**YOUR OBJECTIVE:**
An exact copy of each line below is needed, with no images in it.

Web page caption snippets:
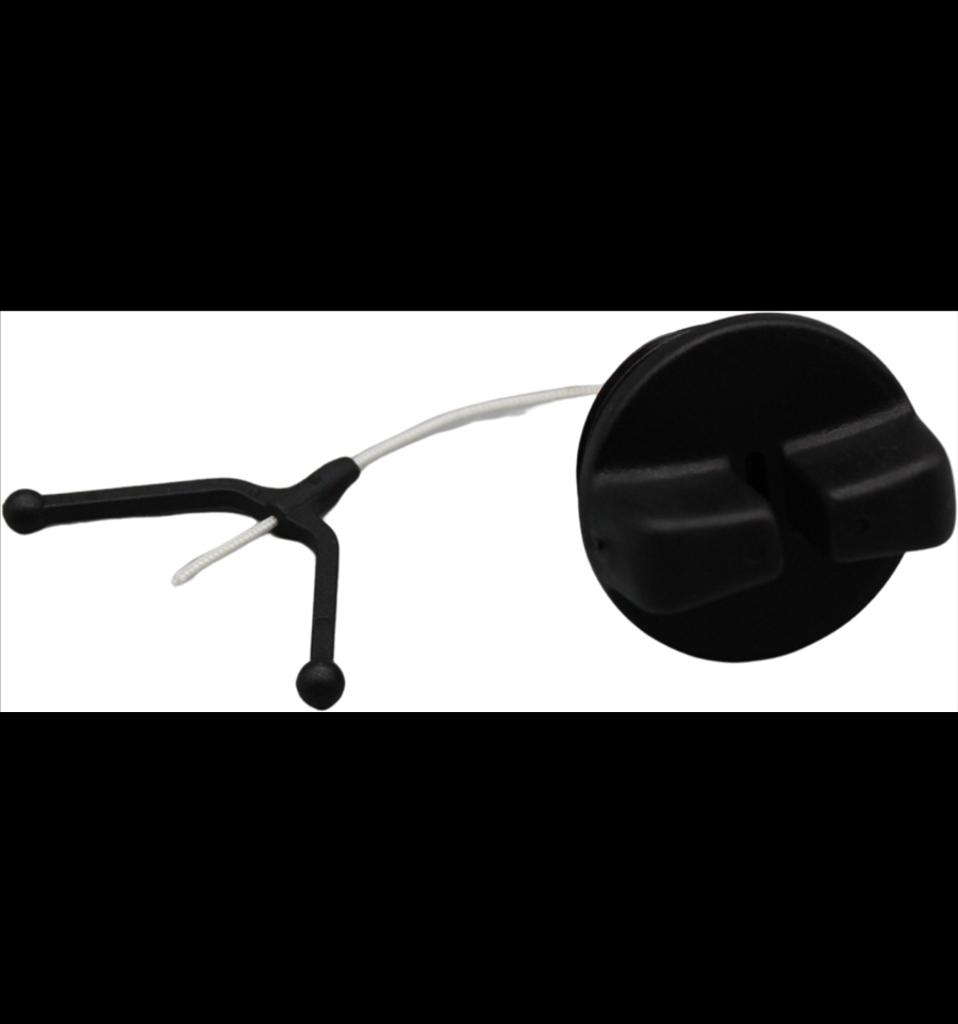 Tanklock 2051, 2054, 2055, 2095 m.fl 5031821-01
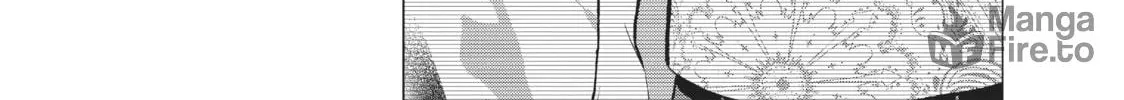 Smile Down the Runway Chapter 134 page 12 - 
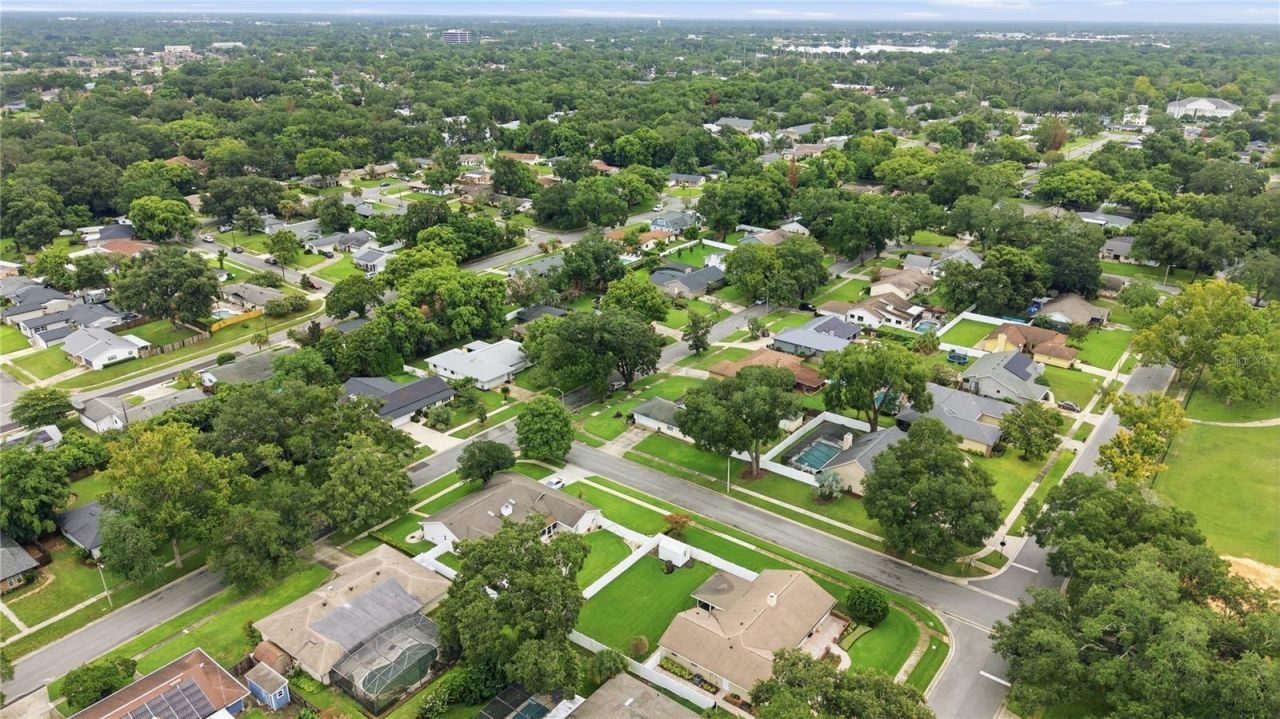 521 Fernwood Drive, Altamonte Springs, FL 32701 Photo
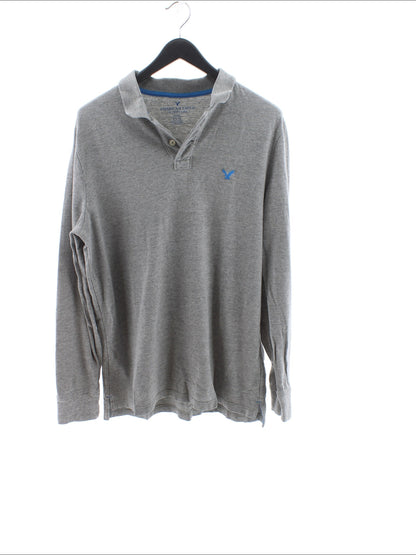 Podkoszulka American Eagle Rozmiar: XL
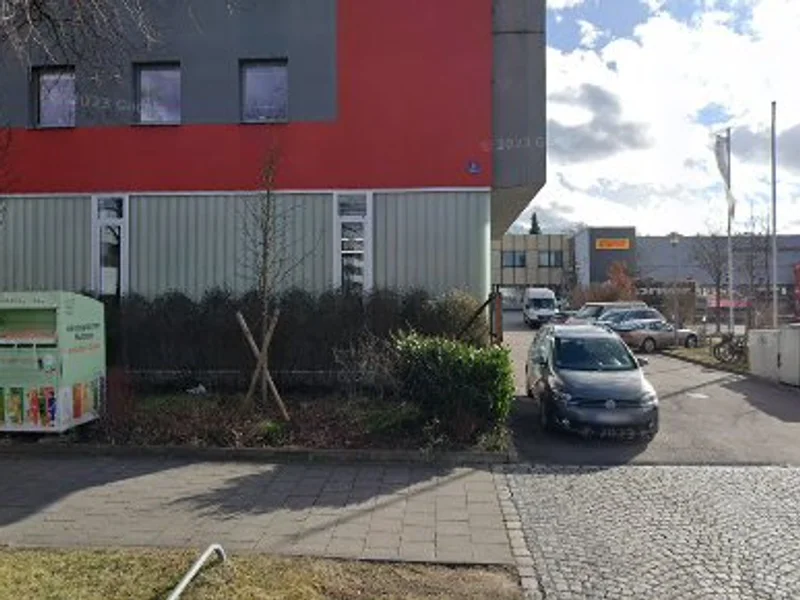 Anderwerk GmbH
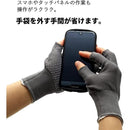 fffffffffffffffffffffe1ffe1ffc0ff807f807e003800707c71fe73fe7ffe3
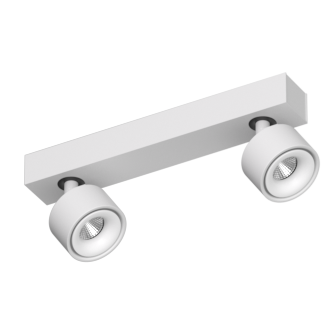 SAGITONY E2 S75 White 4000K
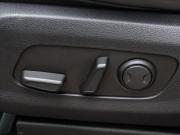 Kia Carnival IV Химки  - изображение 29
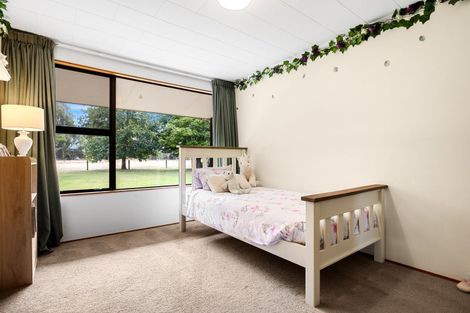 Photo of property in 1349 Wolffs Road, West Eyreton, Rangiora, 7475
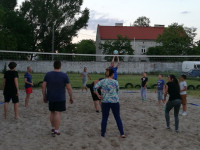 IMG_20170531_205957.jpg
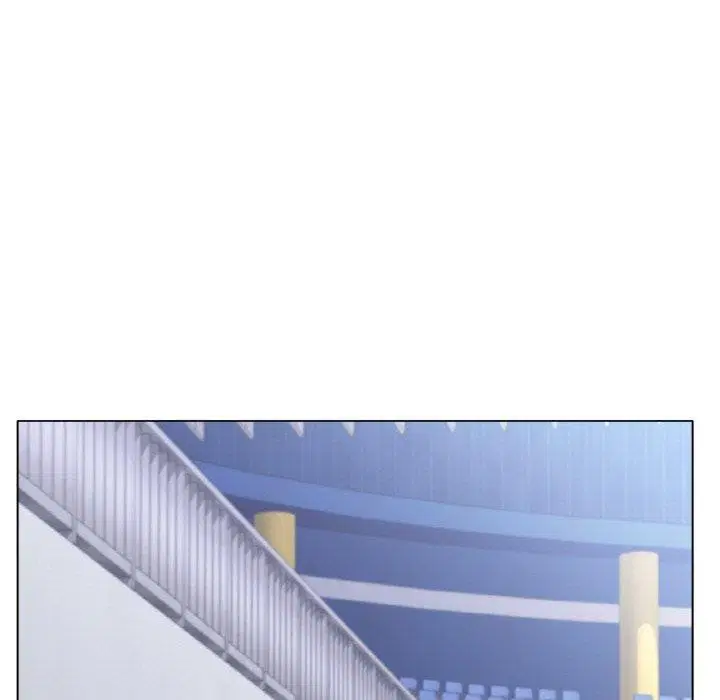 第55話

**SOLUTION FOR THIS PROBLEM:**
 Tanklock 2051, 2054, 2055, 2095 m.fl 5031821-01
 Smile Down the Runway Chapter 134 page 12 - 
 521 Fernwood Drive, Altamonte Springs, FL 32701 Photo
 Podkoszulka American Eagle Rozmiar: XL
 Anderwerk GmbH
 fffffffffffffffffffffe1ffe1ffc0ff807f807e003800707c71fe73fe7ffe3
 SAGITONY E2 S75 White 4000K
 Kia Carnival IV Химки  - изображение 29
 Photo of property in 1349 Wolffs Road, West Eyreton, Rangiora, 7475
 IMG_20170531_205957.jpg
 第55話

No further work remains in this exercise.